Exercise details: In the data below, restate exactly the lines from the one with "太阳能电池板绿色自由能，延时云飞行。" to the final line, both included, but not the pictures.

Captioned web images
>>>>

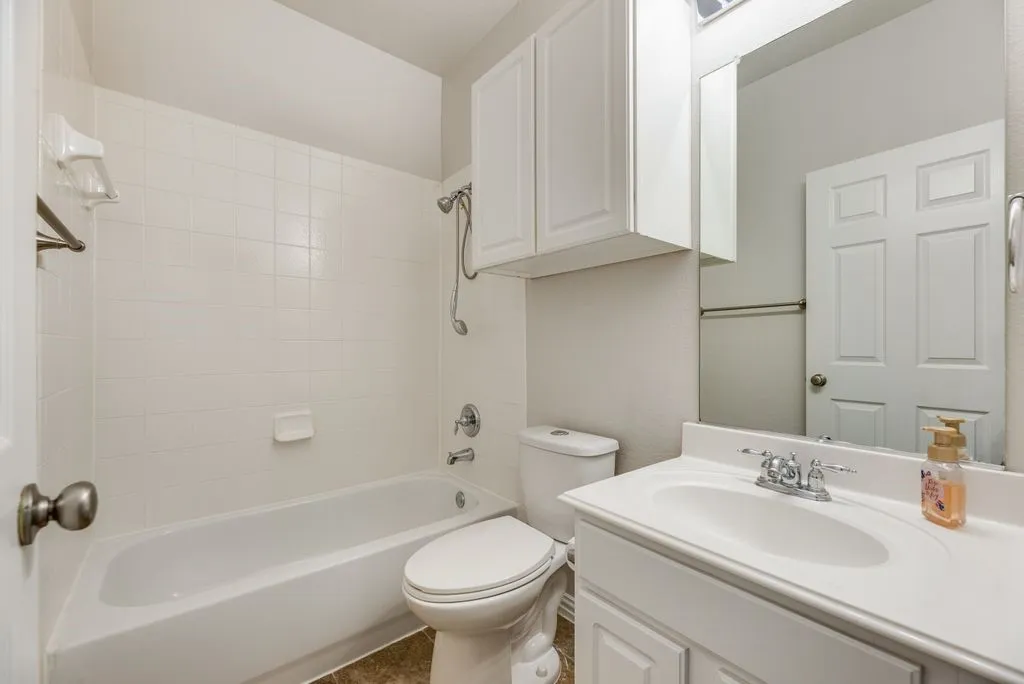 Single Family Residence For Rent in Collin County , 4613 Pine Brook Drive, Plano, Texas 75024, 4 Bedroom, 4 Bathroom, 2 Garage spaces, 2,619 Sqft, built in 2004, mls#21368872, Real Estate Agent in Plano, Homes For Rent in Collin county, Homes For Rent in Plano, Realtor in Plano Texas, Real Estate Brokerage Independent Realty Texas, Luminita Cordes Realtor
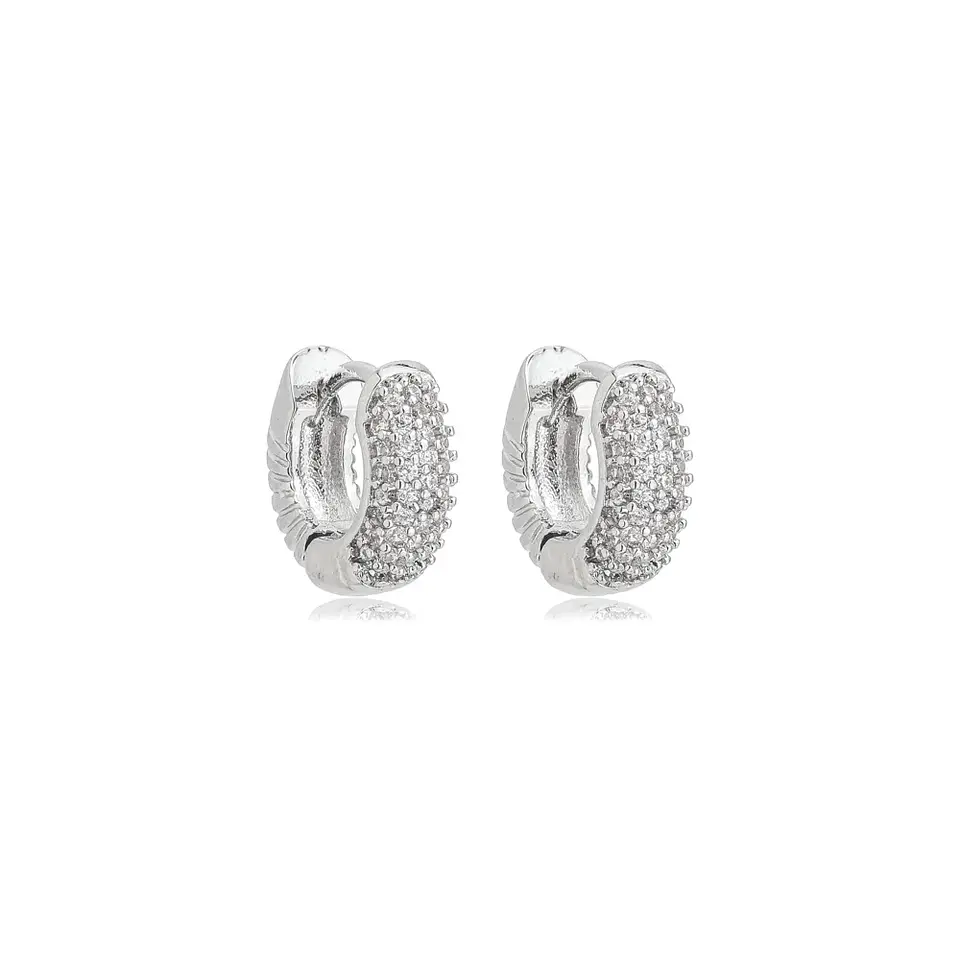 Brinco Argola Pequena Cinco Fileiras Cravejadas com Riscos Atrás Ródio Branco 1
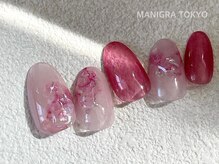 マニグラ トウキョウ(MANIGRA TOKYO)の雰囲気（指先から季節を感じる春のおとな色ネイル）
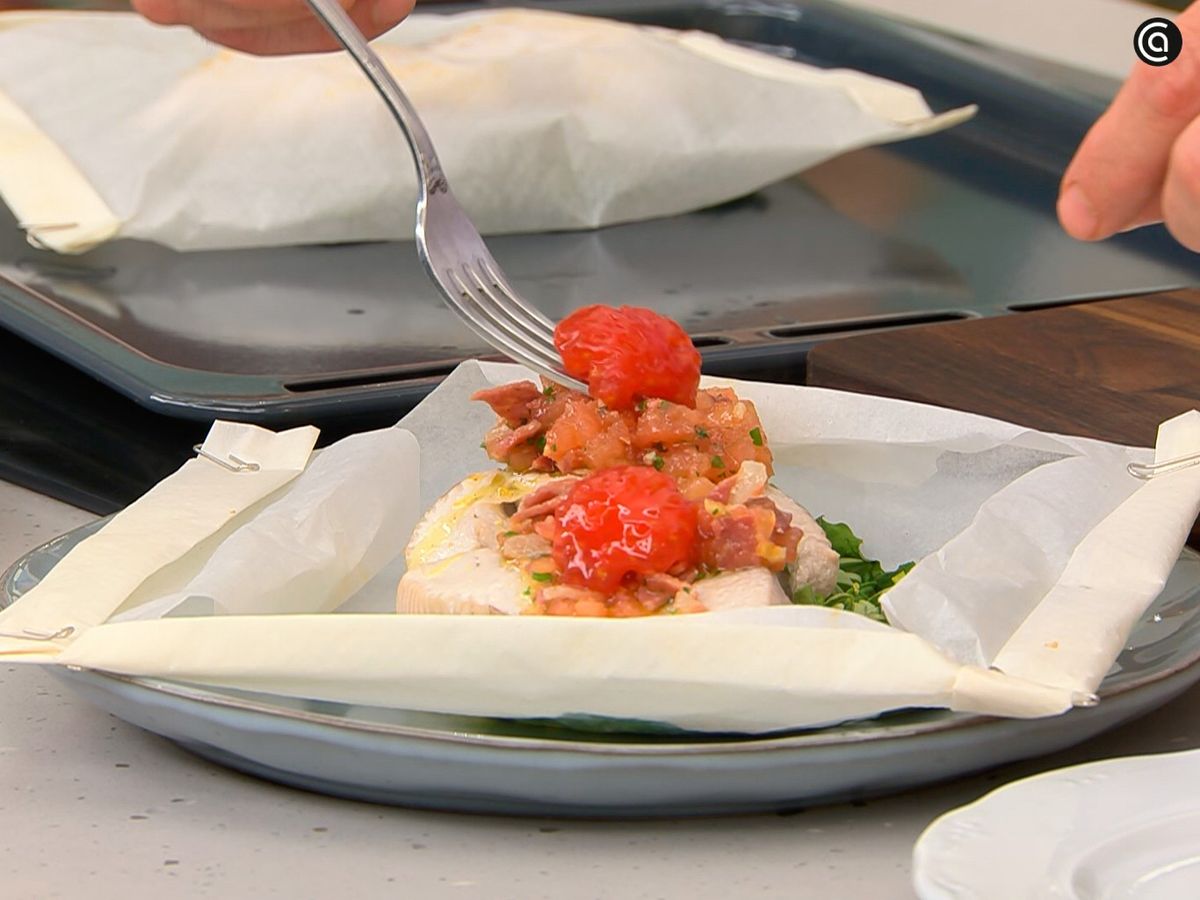 Abre el papillote, aliña con la vinagreta y pon el caviar de tomate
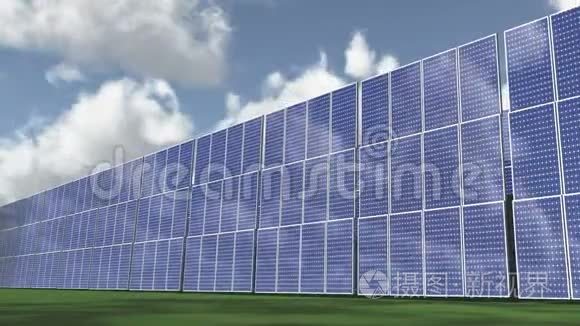 太阳能电池板绿色自由能，延时云飞行。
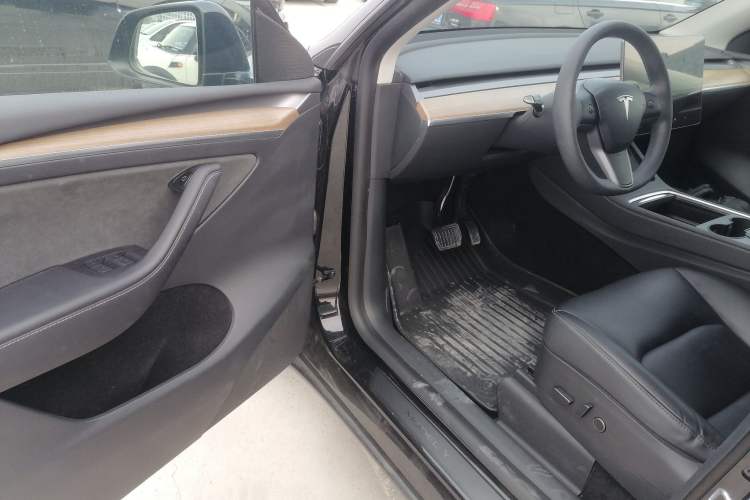 Used Tesla Model Y 2021 Standard Range Rear-Wheel Drive Version Driver Seat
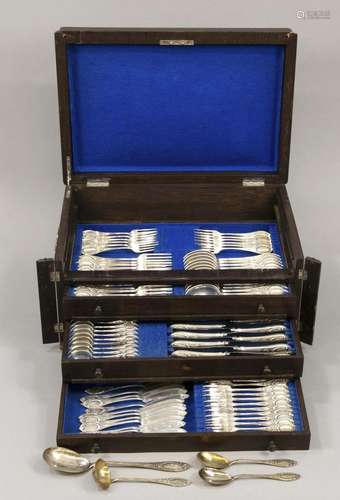 Cutlery set for twelve persons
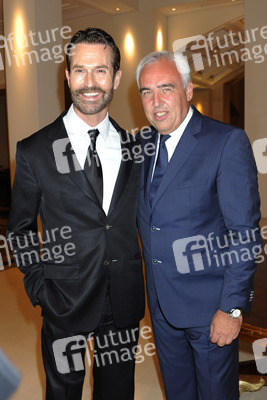 Rupert Everett, Hans-Reiner Schröder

<<<<

Solution:
 太阳能电池板绿色自由能，延时云飞行。
 Used Tesla Model Y 2021 Standard Range Rear-Wheel Drive Version Driver Seat
 Cutlery set for twelve persons
 Rupert Everett, Hans-Reiner Schröder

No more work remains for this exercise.